La désobéissance signe-t-elle l’échec du cadre démocratique ?

La conception classique porte que la désobéissance politique est toujours légitime et même héroïque sous un régime tyrannique. Elle pose davantage problème en démocratie où, a priori, c’est « la volonté du peuple » qui est maîtresse. Comment remettre en cause des lois qui sont censées être l’expression de la volonté générale et qui sont votées à la majorité par des représentants librement élus ? On sait bien en même temps que les décrets administratifs ou les lois publiques peuvent être l’expression d’intérêts privés. La visée de ce que j’appelle la « démocratie critique », c’est précisément de récupérer son droit à la désobéissance quand des lois ou des décisions publiques nous semblent contrevenir à l’idée de justice.

Désobéir peut recouvrir des aspirations politiques bien différentes ?

Et parfois même antagoniques... Les Gilets jaunes ont occupé des ronds-points à cause des prix de l’énergie qui finissaient par freiner leur consommation de carburants, tandis que les militants du climat bloquent la circulation pour nous faire sortir du règne des énergies fossiles.

« Notre peur de la désobéissance traduit un besoin d’uniformité et de sécurité inquiétant »

Mais même avec ces motivations contradictoires, le fond commun de ces désobéissances, c’est la volonté de renouer avec le sens premier de la politique : se demander ensemble comment on veut être gouverné.

Existe-t-il un fossé générationnel sur ce sujet ?

La question posée aujourd’hui est celle de la construction d’un futur hors des idées de progrès et de croissance présentées comme les solutions magiques à tous les problèmes. La fin de cette illusion dresse une barrière du temps angoissante, vécue par les générations actuelles avec une intensité que ceux qui sont nés autour des années 1960-1970 ont peine à imaginer. Il est essentiel de tenir compte de ce décalage. Comment faire de la politique avec un horizon barré ?

Que pensez-vous de l’accusation d’« écoterrorisme » ?

Ce terme m’apparaît indécent. Il y a une part de communication politique évidemment, mais cette accusation traduit une impossibilité à affronter et à accepter une forme de violence née de la colère. On entend dire qu’il faut condamner la violence, je suis le premier à souscrire à cette affirmation. Mais que signifie cette manière de rabattre des actions de désobéissance civile, parfois un peu musclées, du côté du terrorisme ? C’est une manière de les disqualifier d’avance. Il existe des raisons à la violence qui méritent d’être entendues, tout en n’étant évidemment pas des excuses. Spontanément, comme tout le monde, je suis pour l’ordre et pas pour le chaos, mais il faut se demander aussi quelle sorte d’ordre nous souhaitons.
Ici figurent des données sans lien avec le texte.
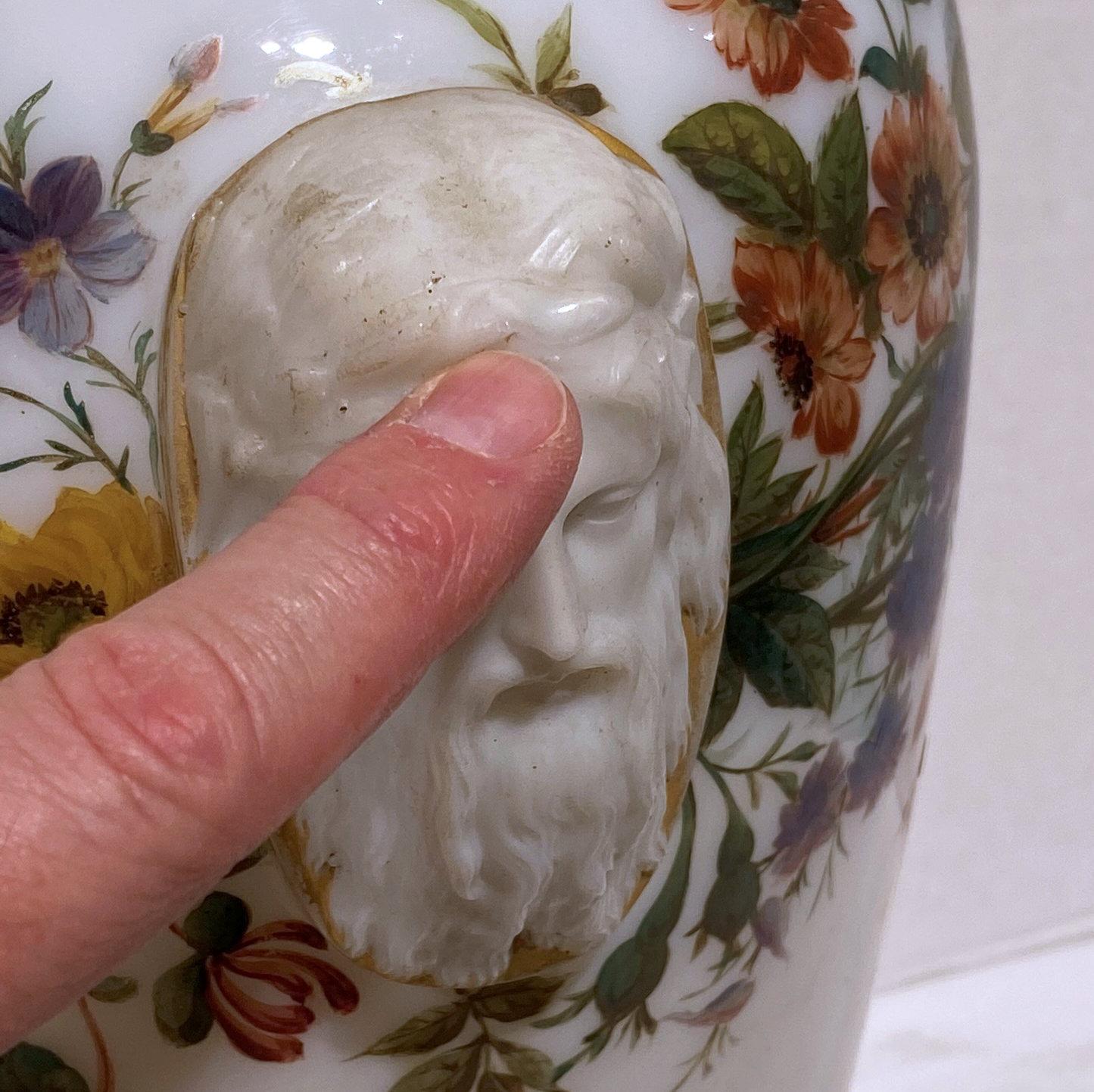 Vaso in vetro opalino dipinto a fiori attribuito a Baccarat in vendita 5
Au spectre du chaos de la désobéissance agité par tous les ministres de l’Intérieur, il faut opposer celui d’une société où tout le monde obéirait au doigt ou à l’œil. Ce serait atroce.

La désobéissance, si l’on met à part ses caractères sombres, délictuels et condamnables, peut être un moment de respiration salvatrice. Elle nous aide à inventer de nouvelles formes de socialité, à redéfinir la politique. Mais, en France, nous sommes marqués à ce point par le fantasme de l’État centralisateur et pacificateur que toute désobéissance est d’emblée dénoncée comme l’ouverture d’un abîme.

La désobéissance pose-t-elle un défi à la cohésion nationale ?

Mais de quelle cohésion parle-t-on ? La cohésion peut être le résultat d’unifications autoritaires, l’obéissance peut produire des homogénéités de façade. Obéir, c’est aussi une manière de se fondre dans une cohésion artificielle. Il existe un propos d’Alain dans lequel il admire la chorégraphie magique d’un vol d’étourneaux, ses recompositions symphoniques pleines de grâce. Il oppose cette cohésion spontanée à celle d’un défilé militaire où tout n’est qu’ordre rigide et mécanique. Ces deux types de cohésion dessinent deux grandes possibilités politiques. Dans la seconde, l’unification se fait par des impositions mécaniques, carrées, rassurantes. Reprenant une distinction de Spinoza, Alain dit : le défilé militaire, c’est du pouvoir, on produit l’ordre en imposant l’obéissance. Le vrai contraire des formations artificielles du pouvoir, ce n’est pas le chaos anarchique, c’est la composition naturelle des puissances.

Qu’entend Spinoza par puissance ?

C’est la vie, la fluidité, la spontanéité. La nature est cette puissance d’organisation de symphonies immédiates, de solidarités spontanées, comme on voit avec le vol d’étourneaux. Dira-t-on que les doigts d’un grand pianiste obéissent à la mélodie ? Cette composition des puissances est la définition des vraies démocraties. Ainsi les mouvements collectifs de désobéissance les plus authentiques sont des compositions de puissance. Notre peur de la désobéissance traduit un besoin d’uniformité et de sécurité inquiétant. N’oublions jamais que, comme on a pu dire qu’un individu autoritaire n’avait pas d’autorité, on peut dire que le sécuritaire, c’est le contraire de la sécurité.